Speaker
Description
We consider the Cauchy problem for the following two-component peakon system with cubic nonlinearity:
$ \partial_t m=\partial_x[m(u-\partial_xu)(v+\partial_xv)]$,
$\partial_tn=\partial_x[n(u-\partial_xu)(v+\partial_xv)]$,
$m=u-\partial_{x}^2u, \quad n=v-\partial_{x}^2v$,
where $m=m(t,x)$, $u=u(t,x)$, $v=v(t,x)$ and $t,x\in \mathbb{R}$. We assume that the initial data $u_0(x)=u(0,x)$ and $v_0(x)=v(0,x)$ belong to the space $C^{k+2}(\mathbb{R})\cap W^{k+2,1}(\mathbb{R})$ with $k\in\mathbb{N}\cup\{0\}$.
Considered peakon system was introduced by Song, Qu and Qiao in [3] as a generalization of the celebrated Fokas-Olver-Rosenau-Qiao (FORQ) equation: taking $u=v$, one obtains the FORQ equation, which has the form
$$
\partial_t m=
\partial_x\left[m\left(u^2
-(\partial_x u)^2\right)\right],
%\quad m=m(t,x),\,u=u(t,x)
%\\
%&
\quad m=u-\partial_x^2u.
%,\quad t,x\in\mathbb{R}.
$$
Our major goal is to investigate the local existence, uniqueness and continuous dependence on the initial data of the solution. Revisiting the method of characteristics, developed for addressing the FORQ equation in [1], we establish existence and uniqueness of the solution $(u,v)$ of the Cauchy problem for the two-component system in the class $C\left([-T,T],C^{k+2}(\mathbb{R})\cap W^{k+2,1}(\mathbb{R})\right)$ with $k\in\mathbb{N}\cup{0}$ and some $T>0$ [2]. Notice that the class of regularity corresponded to $k=0$ is lower than that previously considered in the works for the FORQ equation. The most challenging part of the analysis consists in proving uniqueness in the case $k=0$. To this end we must demonstrate that a solution satisfies a specific conservation law involving $m,n$ and the characteristic, which, in turn, entails studying the two-component system in a weak sense.
Also we prove the Lipschitz continuity of the data-to-solution map for $(m,n)$ within the space $C^{k}(\mathbb{R}) \cap W^{k,1}(\mathbb{R})$ with $k\in\mathbb{N}\cup{0}$ [2]. To the best of our knowledge, this result was not reported before in the related works for the FORQ equation, wherein the Lipschitz property is established for $(u,v)$ in $W^{1,1}$ under assumption of existence of weak solution $(u,v)$ in $L^\infty\left([-T,T],W^{2,1}(\mathbb{R})\right)$, see [4].

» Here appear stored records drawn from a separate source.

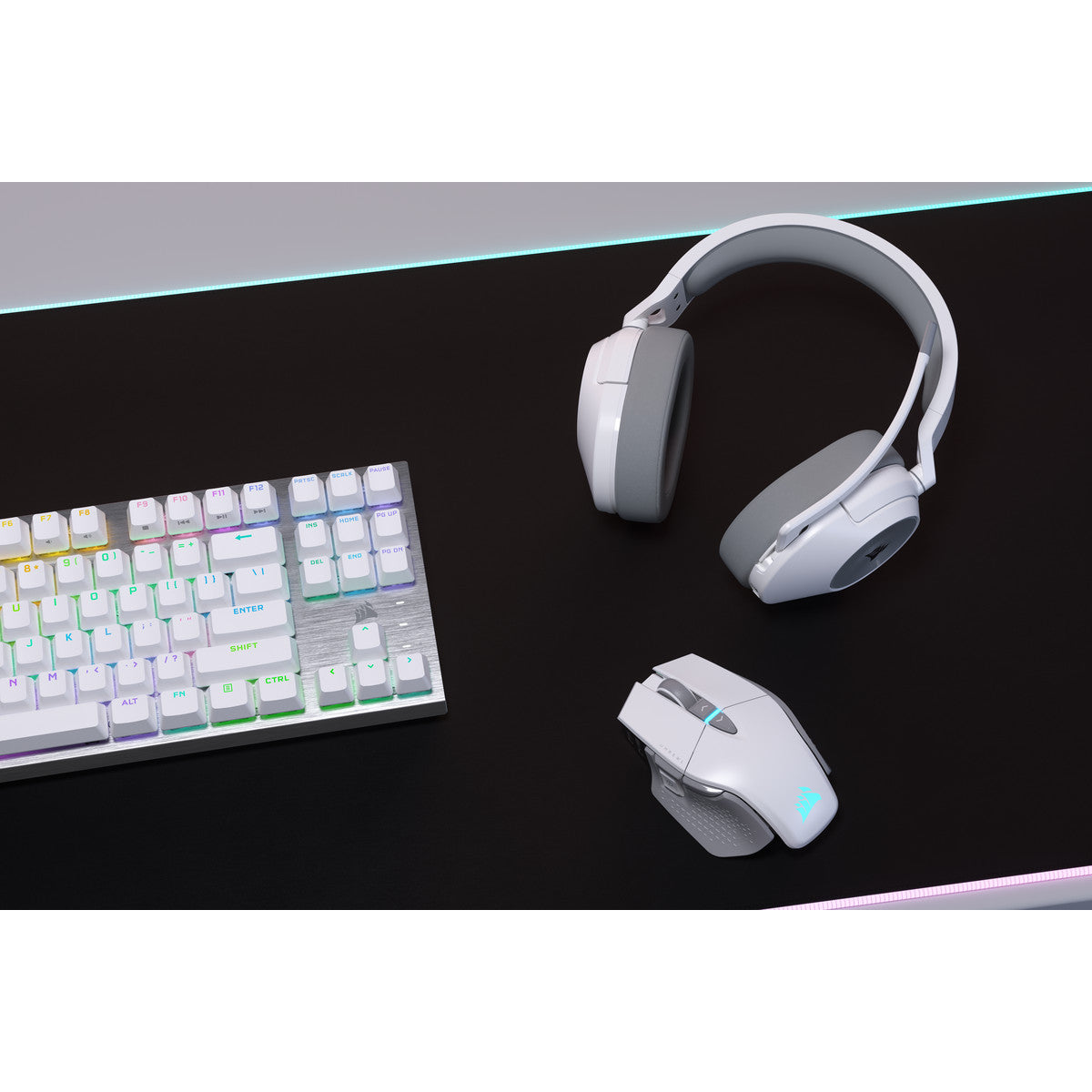 Corsair HS55 Wireless Gaming Headset - White - on the desk
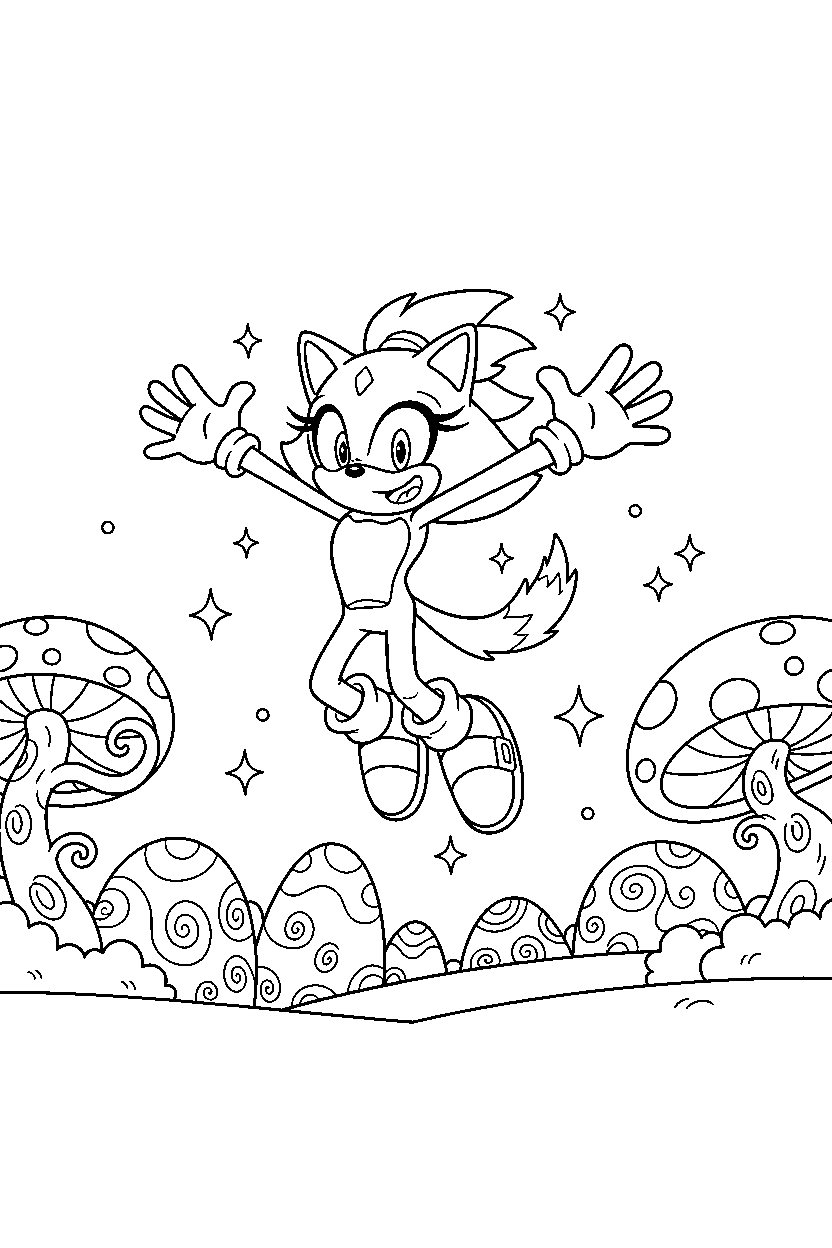 blaze the cat jumping with joy in a magical valley line art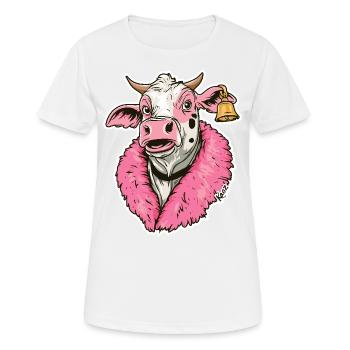 modische Mode-Kuh in pinker Jacke - Frauen T-Shirt atmungsaktiv - Weiß - Vorne - AI Model Female 172 dark (172cm)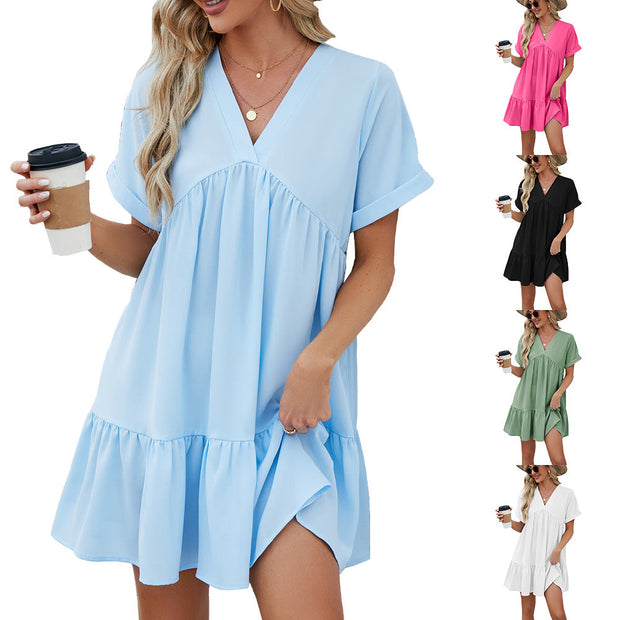 Loose V Neck Solid Color Summer Dresses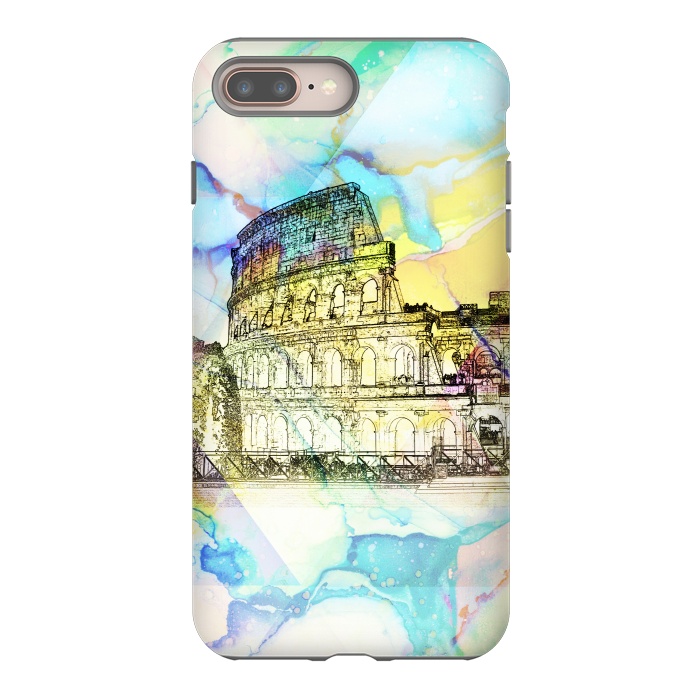 iPhone 7 plus StrongFit Colosseum Rome Italy ink sketch and watercolor painting by Oana 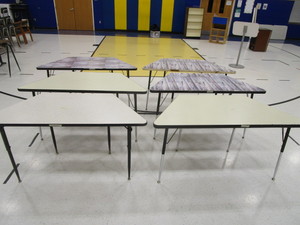 lot 59 image: (6) Trapezoid Tables 26x58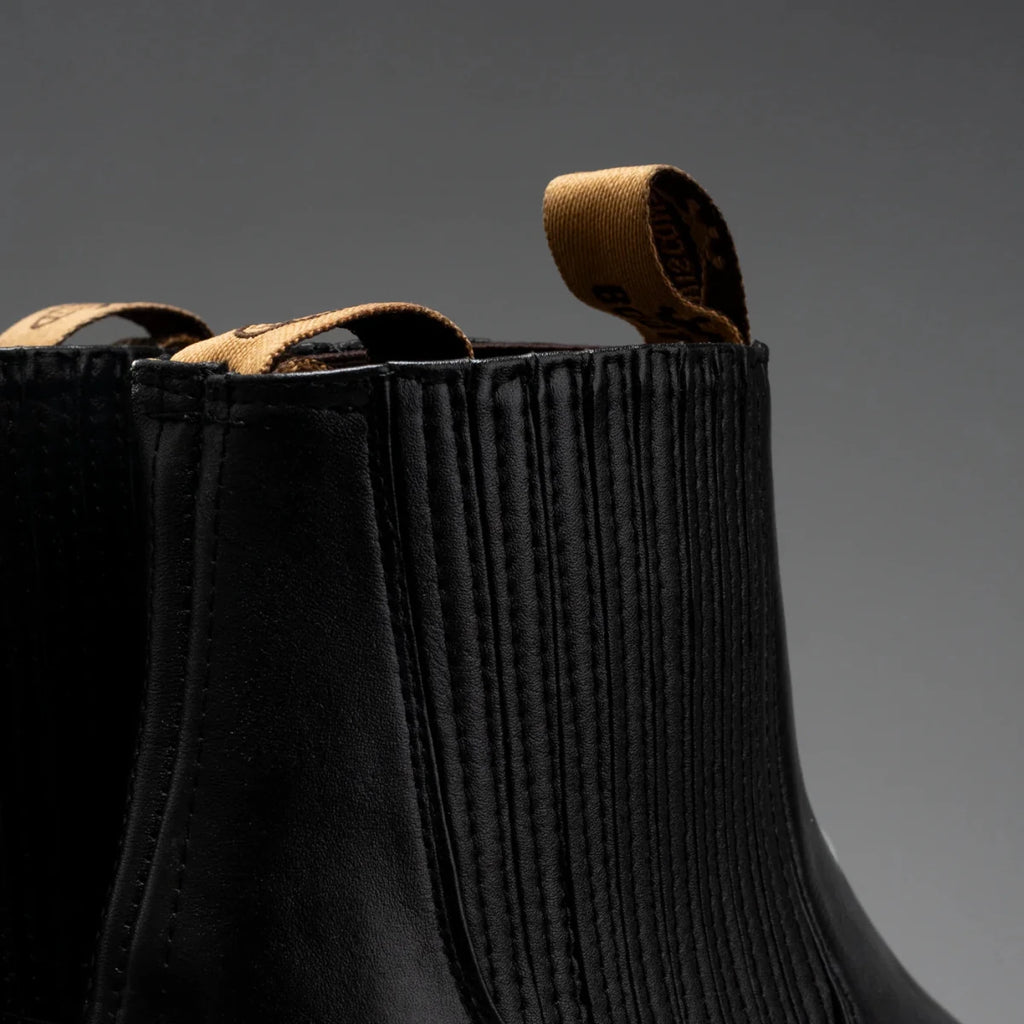 Joe Boots Men”s Charro Leather Round Toe Ankle Boot–Black - OriginalWestern.com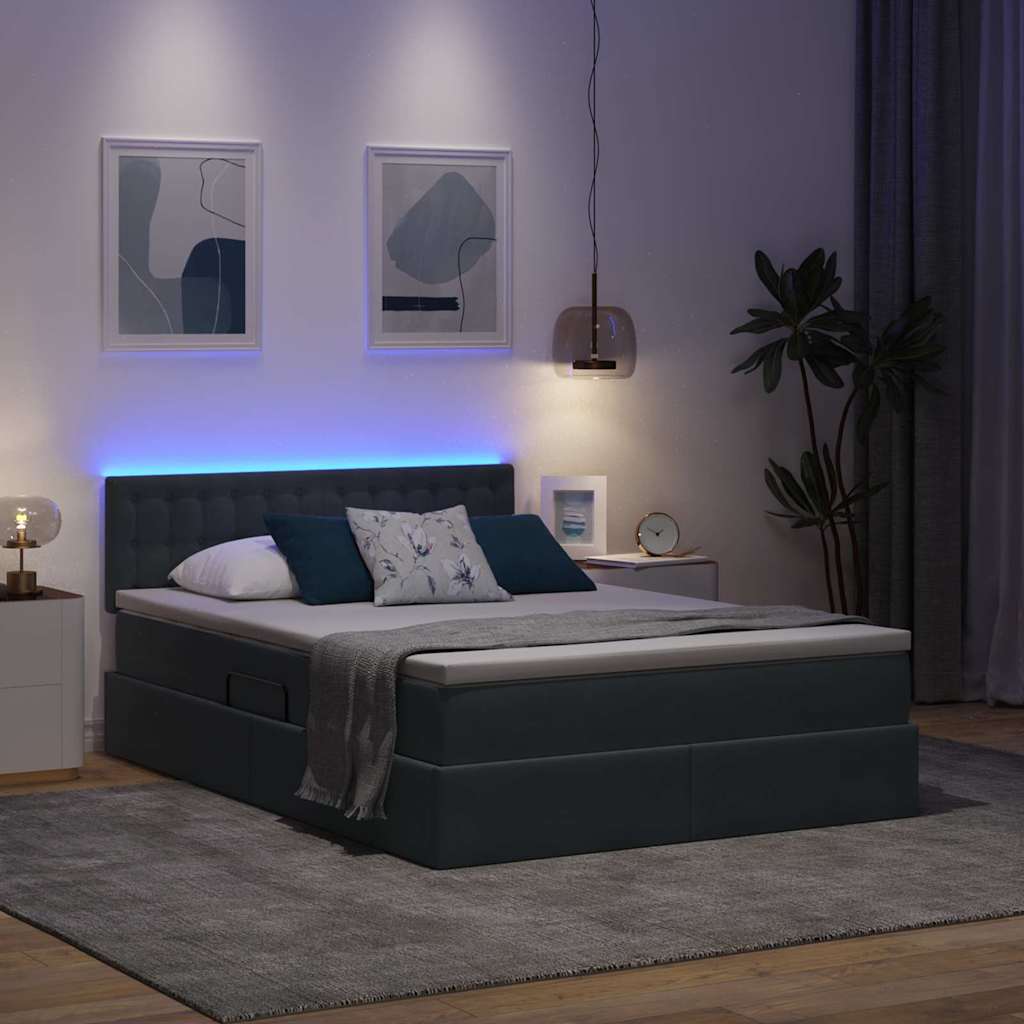 LED krevet za pohranu s madracem Tamnosiva 140 x 190 cm Baršun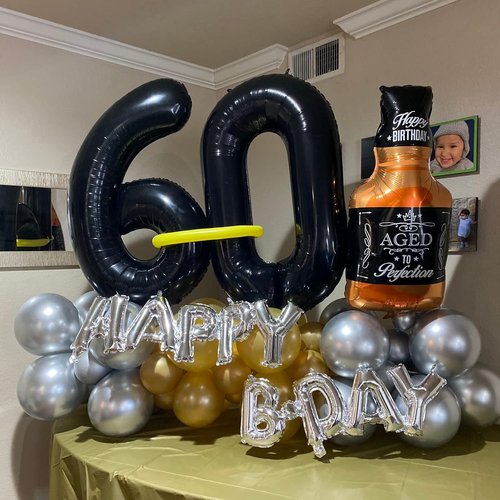 Black Number 0 Balloon - 40 Inch Large Foil Mylar Helium Balloon for Birthday & Graduation Celebrations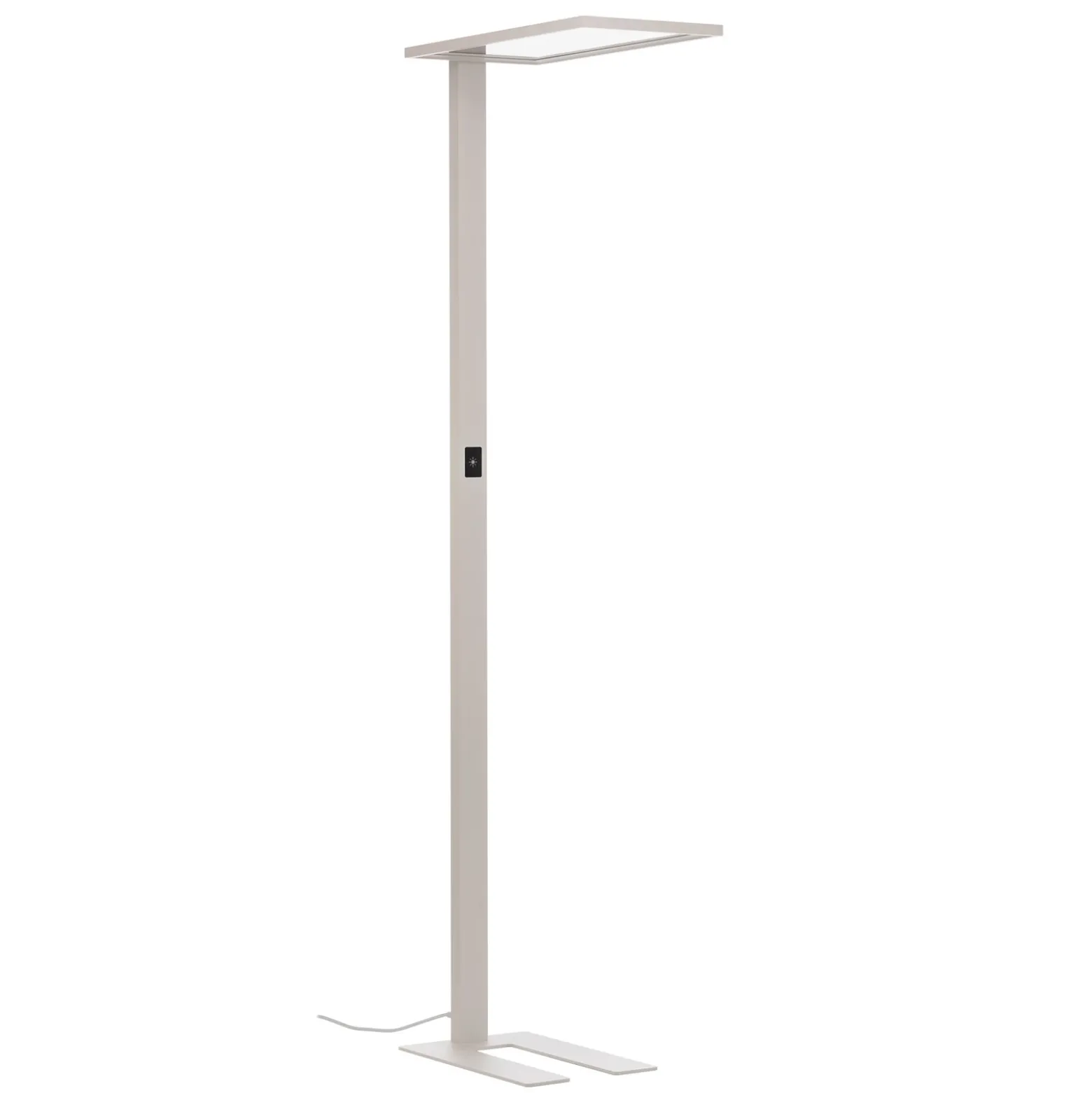 Prios lámpara de pie LED para oficina Taronis, blanca, 195 cm, atenuable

[1] Y. Gao and J-G. Liu.The modified Camassa-Holm equation in Lagrangian coordinates. Discr. Cont. Dyn. Syst. Ser. B., 23(6):2545--2592, 2018.
[2] K.H. Karlsen, Ya. Rybalko. On the well-posedness of the Cauchy problem for the two-component peakon system in $C^k\cap W^{k,1}$. Z. Angew. Math. Phys., 75:113, 2024.
[3] J.F. Song, C.Z. Qu, Z.J. Qiao. A new integrable two-component system with cubic nonlinearity. J. Math. Phys., 52:013503, 2011.
[4] Q. Zhang. Global wellposedness of cubic Camassa-Holm equations. Nonlinear Anal., 133:61--73, 2016.